I feel my summer before re-entering the high school for my senior year was a turning point for me. I met Broc, a poetry student from the Iowa Writer’s Workshop, while attending the Iowa Young Writer’s Studio for two weeks. He was my summer workshop teacher’s friend, and I had lunch with him for a brief moment, talking about identity and writing. It was a brief conversation, but I felt it was a deep-rooted conversation. He was a tall and lanky man with cigar-stained teeth, Buddy Holly glasses, and arms tattooed all over with the paintings and words of William Blake. He said he could have never survived life without Blake. He didn’t know how he had made it through 26 years, but he had made it.

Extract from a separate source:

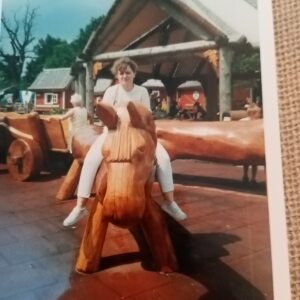 Profilbild von Silke Schroeder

The following week, I received a letter from Broc. “I’m writing you a little note because I thought when I met you the other day, I recognized something in you I went through once…once you’re out of the woods, the world becomes much friendlier, I promise.” I knew what he meant. It made me feel good. “Listen: every jock and housewife and fireman in this country has a poem buried in their sock drawer. They are ashamed of it and embarrassed by it and sort of proud of it too. But those people lack courage. They can’t share. Have courage. Share.”

I went through many psychological doubts a bit earlier than most people did. I’ve come to realize everyone goes through a process of finding out how perceived reality and truth are at opposite ends of the cave entrance. Even people we don’t consider the “great thinkers of the West” have pondered this very notion. I think it’s one of the hardest things to learn in life, to differentiate these two realities, and to find happiness in between. Hard times, depressing times, sad times – these are all things we have to learn to deal with. Adolescence, war and war remembrance, and the transition to adulthood are lonely and at times frightening parts of life. But I have made it through. I know I have.

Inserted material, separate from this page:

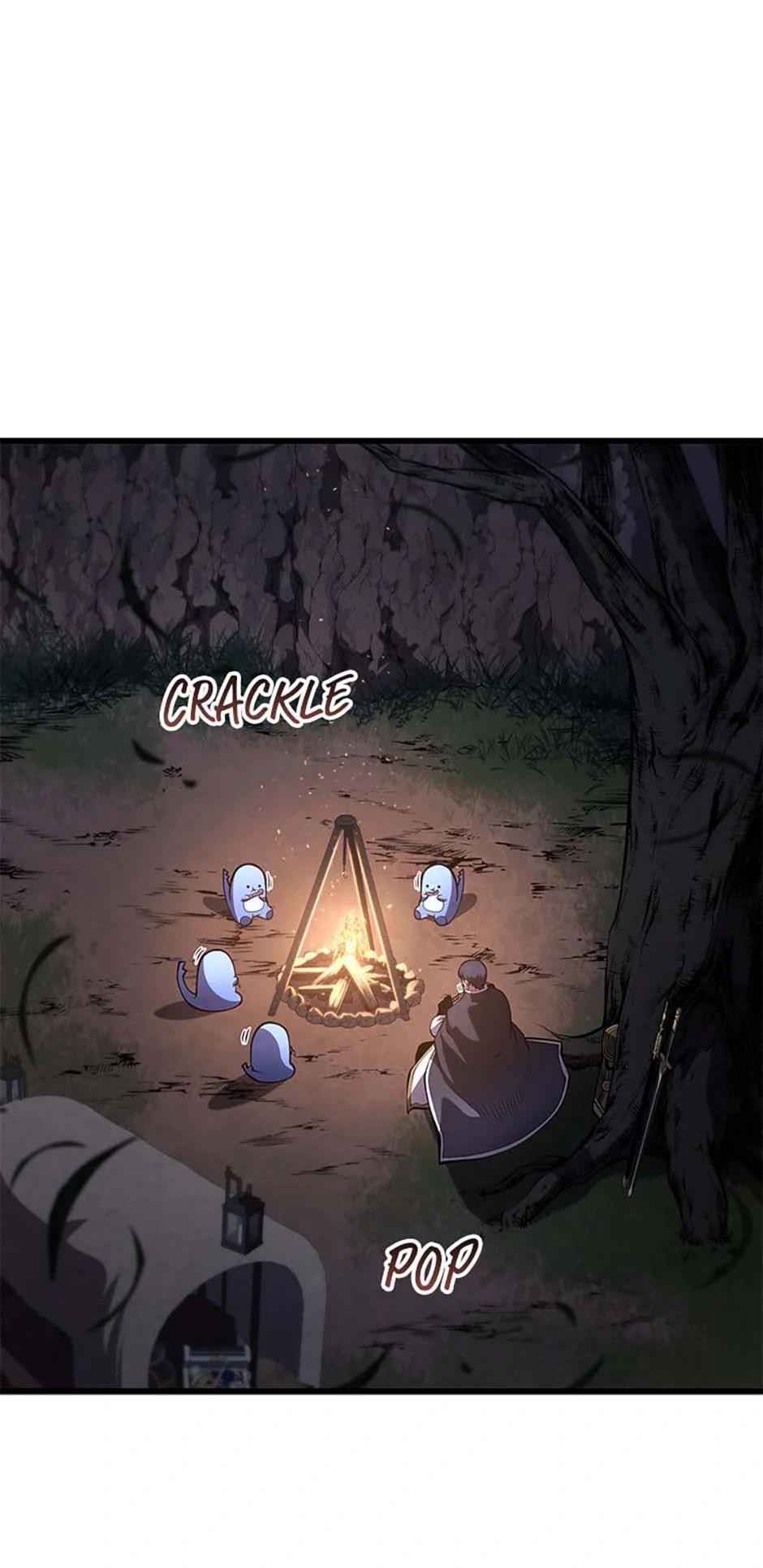 The Swordmaster’s Son Chapter 140 — page 28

From that letter, I understood that I am what I do. I am not only what I think and feel. If I want to know and understand who I am, I have to look at what I do. I have to have the courage to share who I am. Experiences, people, contemplative reflection – they have all helped me recognize beauty and answer questions that have hounded me. I will not fail to remember being in the darkness, just as Plato encourages us to remember this in the Allegory of the Cave. I will do, just as John Okada did when he wrote of his painful post-camp Nikkei experiences, despite dying in obscurity, never having been accepted even in his own community of Japanese Americans. I will share, just as Frank Chin shares when he confronts his frustrations over the stereotypes of Asians in America, frustrations over the loss of authenticity and culture and language, frustrations over the feeding of western misperceptions of Asian Americans. I will make it, just as Broc said I will.

I can say that I learned things the “hard way,” but the beautiful thing about life is that most of us have been there at one point of our lives. At the time, I did not know how to deal with negativity. Second-generation New York school poet Ted Berrigan might have called this our “stupid ineptitude.” We were all there. What we have to learn from these experiences, however, is that that is not the end of everything. Writing, reading, talking, thinking, and most importantly, doing – these can all be a positive outlet. We can always turn our negativity into a positive outlet.

Through writing for my school newspaper, expressing what I feel should be voiced on campus; through discussing or expressing myself in class a different cultural, social, and critical perception on the materials covered in a class; through, most importantly, showing and expressing benevolence to the community that surrounds me – I feel I can make change, even on a grassroots level. I will not be shut up in prose or feel bogged down in the baggage of my own body organs. I will share myself, my culture, my history – everything. Happiness lies in the eyes of the beholder, and I will perceive happiness, with the help of Broc’s friendship, Broc’s wisdom.